Source-sink dynamics has also been incorporated into studies of metapopulations, a group of populations residing in patches of habitat. Though some patches may go extinct, the regional persistence of the metapopulation depends on the ability of patches to be re-colonized. As long as there are source patches present for successful reproduction, sink patches may allow the total number of individuals in the metapopulation to grow beyond what the source could support, providing a reserve of individuals available for re-colonization (Howe et al. 1991). Source-sink dynamics also has implications for studies of the coexistence of species within habitat patches. Because a patch that is a source for one species may be a sink for another, coexistence may actually depend on immigration from a second patch rather than the interactions between the two species (Pulliam 1988).
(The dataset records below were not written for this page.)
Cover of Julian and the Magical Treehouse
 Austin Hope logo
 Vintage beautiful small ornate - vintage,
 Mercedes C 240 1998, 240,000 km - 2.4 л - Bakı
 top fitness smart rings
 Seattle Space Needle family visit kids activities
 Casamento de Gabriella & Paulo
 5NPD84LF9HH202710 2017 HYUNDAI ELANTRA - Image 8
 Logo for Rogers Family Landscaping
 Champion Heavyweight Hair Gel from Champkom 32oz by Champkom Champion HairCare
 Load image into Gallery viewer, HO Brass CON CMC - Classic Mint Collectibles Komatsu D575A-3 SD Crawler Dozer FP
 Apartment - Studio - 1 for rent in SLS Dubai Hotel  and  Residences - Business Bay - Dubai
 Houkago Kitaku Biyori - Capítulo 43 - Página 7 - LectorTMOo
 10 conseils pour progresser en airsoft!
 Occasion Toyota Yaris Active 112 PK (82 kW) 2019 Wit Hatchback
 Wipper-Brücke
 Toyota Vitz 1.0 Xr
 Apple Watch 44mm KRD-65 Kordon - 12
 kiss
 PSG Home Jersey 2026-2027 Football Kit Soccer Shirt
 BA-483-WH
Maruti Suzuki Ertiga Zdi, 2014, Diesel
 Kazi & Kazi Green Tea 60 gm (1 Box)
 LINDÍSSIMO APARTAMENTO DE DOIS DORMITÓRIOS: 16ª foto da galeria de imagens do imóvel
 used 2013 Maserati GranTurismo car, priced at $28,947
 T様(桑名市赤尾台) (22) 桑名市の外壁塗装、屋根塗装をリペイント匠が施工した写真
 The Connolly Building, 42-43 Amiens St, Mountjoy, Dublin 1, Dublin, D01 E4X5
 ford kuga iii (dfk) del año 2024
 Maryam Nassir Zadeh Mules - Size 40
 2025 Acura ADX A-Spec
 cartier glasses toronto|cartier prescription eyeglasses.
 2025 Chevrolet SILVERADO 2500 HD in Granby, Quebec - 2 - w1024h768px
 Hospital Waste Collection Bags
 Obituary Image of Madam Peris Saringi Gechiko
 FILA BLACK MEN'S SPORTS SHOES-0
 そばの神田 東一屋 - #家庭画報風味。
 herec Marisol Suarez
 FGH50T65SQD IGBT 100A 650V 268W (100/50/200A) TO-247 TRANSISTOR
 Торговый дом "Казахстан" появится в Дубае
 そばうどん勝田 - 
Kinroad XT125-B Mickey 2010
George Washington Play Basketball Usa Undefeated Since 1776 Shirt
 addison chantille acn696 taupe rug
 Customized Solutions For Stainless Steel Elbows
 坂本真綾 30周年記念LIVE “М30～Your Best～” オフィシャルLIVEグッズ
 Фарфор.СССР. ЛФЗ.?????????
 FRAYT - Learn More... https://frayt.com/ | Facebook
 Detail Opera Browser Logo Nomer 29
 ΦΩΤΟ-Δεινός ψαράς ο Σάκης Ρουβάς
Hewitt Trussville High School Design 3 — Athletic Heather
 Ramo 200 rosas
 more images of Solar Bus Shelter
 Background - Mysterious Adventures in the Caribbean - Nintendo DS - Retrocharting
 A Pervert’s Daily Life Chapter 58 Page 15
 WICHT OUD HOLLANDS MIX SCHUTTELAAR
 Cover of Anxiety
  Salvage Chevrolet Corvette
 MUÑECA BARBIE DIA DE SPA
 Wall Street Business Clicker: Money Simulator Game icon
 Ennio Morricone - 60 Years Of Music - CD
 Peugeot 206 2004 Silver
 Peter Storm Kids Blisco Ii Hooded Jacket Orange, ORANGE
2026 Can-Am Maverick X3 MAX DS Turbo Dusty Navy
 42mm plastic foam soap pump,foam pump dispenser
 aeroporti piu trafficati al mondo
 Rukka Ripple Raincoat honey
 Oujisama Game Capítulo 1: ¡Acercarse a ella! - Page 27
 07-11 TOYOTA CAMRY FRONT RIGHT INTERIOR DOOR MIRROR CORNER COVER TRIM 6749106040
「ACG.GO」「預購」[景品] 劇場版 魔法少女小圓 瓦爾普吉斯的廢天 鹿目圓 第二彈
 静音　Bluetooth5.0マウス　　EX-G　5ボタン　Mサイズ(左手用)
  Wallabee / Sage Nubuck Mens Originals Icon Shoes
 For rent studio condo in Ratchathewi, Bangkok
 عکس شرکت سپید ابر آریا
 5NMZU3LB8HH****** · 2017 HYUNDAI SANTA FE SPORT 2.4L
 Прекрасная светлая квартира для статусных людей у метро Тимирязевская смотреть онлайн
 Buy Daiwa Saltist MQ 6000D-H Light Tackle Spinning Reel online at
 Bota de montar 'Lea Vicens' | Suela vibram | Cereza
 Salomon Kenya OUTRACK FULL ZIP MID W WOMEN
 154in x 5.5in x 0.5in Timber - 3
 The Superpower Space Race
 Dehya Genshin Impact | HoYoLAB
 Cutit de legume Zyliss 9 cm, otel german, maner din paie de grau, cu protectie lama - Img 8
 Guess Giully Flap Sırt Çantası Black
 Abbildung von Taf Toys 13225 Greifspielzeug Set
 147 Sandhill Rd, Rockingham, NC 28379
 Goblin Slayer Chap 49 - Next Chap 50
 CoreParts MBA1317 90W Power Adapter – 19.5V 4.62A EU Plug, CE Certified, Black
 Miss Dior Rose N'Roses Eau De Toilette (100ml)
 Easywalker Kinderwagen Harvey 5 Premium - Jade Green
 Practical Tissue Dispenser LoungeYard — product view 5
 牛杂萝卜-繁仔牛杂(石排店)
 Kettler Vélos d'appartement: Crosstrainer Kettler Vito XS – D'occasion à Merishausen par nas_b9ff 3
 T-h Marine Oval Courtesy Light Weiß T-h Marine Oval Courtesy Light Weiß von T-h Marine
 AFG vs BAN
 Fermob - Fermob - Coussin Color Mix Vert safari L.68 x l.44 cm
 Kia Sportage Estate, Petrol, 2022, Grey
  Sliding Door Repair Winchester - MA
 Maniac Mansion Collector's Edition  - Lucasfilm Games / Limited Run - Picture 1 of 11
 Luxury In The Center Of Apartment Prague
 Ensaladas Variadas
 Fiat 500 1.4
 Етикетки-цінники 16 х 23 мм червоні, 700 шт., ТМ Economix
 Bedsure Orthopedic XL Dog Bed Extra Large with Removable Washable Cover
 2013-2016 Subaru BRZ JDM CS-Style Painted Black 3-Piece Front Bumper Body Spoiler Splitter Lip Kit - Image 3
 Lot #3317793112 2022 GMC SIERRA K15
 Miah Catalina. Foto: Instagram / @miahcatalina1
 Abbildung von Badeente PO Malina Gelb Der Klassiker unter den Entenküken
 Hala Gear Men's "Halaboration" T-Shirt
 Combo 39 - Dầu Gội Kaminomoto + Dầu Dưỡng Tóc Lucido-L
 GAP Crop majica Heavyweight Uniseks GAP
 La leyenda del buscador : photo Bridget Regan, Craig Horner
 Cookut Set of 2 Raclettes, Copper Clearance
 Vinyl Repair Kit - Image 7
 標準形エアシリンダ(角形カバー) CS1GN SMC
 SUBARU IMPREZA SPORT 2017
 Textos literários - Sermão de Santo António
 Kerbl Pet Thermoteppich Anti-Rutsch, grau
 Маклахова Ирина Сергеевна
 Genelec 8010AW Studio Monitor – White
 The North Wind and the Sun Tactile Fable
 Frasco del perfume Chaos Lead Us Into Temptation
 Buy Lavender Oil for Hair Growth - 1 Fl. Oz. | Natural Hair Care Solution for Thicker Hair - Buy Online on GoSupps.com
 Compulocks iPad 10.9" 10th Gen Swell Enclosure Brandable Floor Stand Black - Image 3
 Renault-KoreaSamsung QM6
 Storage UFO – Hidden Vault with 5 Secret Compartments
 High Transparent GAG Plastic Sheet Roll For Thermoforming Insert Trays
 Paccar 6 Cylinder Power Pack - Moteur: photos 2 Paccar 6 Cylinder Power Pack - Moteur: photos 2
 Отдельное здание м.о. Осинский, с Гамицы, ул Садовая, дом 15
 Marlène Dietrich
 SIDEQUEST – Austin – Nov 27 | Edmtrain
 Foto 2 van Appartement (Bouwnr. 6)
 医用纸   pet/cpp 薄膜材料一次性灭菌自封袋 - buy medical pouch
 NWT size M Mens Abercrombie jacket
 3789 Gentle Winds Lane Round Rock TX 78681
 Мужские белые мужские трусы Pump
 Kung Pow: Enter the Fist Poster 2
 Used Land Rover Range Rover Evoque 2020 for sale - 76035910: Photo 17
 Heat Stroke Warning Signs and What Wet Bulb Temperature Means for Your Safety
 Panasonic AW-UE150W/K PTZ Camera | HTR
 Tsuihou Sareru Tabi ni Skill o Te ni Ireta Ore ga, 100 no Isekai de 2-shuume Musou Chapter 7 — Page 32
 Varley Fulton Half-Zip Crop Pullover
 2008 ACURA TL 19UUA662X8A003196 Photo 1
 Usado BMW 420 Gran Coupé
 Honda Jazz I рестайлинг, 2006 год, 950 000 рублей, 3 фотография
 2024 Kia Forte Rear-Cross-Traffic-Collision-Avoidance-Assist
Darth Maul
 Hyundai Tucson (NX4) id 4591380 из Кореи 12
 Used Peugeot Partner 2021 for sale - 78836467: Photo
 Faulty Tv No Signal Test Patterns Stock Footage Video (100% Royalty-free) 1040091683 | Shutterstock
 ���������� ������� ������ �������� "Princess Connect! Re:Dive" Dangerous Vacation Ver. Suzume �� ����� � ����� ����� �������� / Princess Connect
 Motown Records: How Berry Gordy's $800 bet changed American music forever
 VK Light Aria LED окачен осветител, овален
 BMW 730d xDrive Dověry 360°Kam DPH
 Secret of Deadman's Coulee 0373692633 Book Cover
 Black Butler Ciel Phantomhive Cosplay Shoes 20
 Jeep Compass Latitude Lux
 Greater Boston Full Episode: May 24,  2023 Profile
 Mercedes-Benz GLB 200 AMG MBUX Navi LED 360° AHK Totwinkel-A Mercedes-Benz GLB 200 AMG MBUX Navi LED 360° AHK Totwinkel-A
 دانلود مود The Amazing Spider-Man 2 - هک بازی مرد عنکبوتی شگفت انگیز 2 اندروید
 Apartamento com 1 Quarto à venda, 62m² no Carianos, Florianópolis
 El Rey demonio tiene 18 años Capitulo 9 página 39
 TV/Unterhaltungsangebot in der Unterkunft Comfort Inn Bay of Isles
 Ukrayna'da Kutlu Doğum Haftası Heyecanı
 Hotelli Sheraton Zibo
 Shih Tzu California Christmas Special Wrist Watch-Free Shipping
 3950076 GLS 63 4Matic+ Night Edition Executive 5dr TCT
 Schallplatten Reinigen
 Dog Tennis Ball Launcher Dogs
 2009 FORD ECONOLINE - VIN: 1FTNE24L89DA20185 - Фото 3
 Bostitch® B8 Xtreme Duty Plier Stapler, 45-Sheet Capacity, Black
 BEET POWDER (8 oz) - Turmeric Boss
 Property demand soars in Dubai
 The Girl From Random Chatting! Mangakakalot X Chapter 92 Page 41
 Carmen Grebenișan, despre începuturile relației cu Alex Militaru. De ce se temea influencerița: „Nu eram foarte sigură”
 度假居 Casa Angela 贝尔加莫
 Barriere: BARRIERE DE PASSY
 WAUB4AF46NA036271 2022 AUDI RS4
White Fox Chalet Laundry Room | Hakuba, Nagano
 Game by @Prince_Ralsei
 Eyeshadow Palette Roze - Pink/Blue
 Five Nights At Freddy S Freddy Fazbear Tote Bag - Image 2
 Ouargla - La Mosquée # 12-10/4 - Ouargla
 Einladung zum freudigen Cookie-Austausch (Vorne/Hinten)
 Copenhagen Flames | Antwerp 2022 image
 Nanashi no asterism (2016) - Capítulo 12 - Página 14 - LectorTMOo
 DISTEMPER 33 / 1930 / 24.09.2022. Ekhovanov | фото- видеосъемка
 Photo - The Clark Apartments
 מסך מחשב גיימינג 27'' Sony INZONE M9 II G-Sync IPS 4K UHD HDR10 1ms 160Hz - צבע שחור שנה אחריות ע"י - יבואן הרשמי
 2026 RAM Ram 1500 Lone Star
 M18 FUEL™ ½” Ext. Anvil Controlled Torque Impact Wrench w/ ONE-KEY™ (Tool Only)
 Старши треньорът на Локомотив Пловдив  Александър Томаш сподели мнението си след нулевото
Similarly, source-sink dynamics may influence the regional coexistence and demographics of species within a metacommunity, a group of communities connected by the dispersal of potentially interacting species (Leibold et al. 2004). Finally, the source-sink model has greatly influenced ecological trap theory, a model in which organisms prefer sink habitat over source habitat (Robertson and Hutto 2006).
In considering where to place reserves, protecting source habitat is often assumed to be the goal, although if the cause of a sink is human activity, simply designating an area as a reserve has the potential to convert current sink patches to source patches (e.g. no-take zones; Roberts 1998). Either way, determining which areas are sources or sinks for any one species may be very difficult, and an area that is a source for one species may be unimportant to others. Finally, areas that are sources or sinks currently may not be in the future as habitats are continually altered by human activity or climate change. Few areas can be expected to be universal sources, or universal sinks (Roberts 1998). While the presence of source, sink, or trap patches must be considered for short-term population survival, especially for very small populations, long-term survival may depend on the creation of networks of reserves that incorporate a variety of habitats and allow populations to interact (Roberts 1998).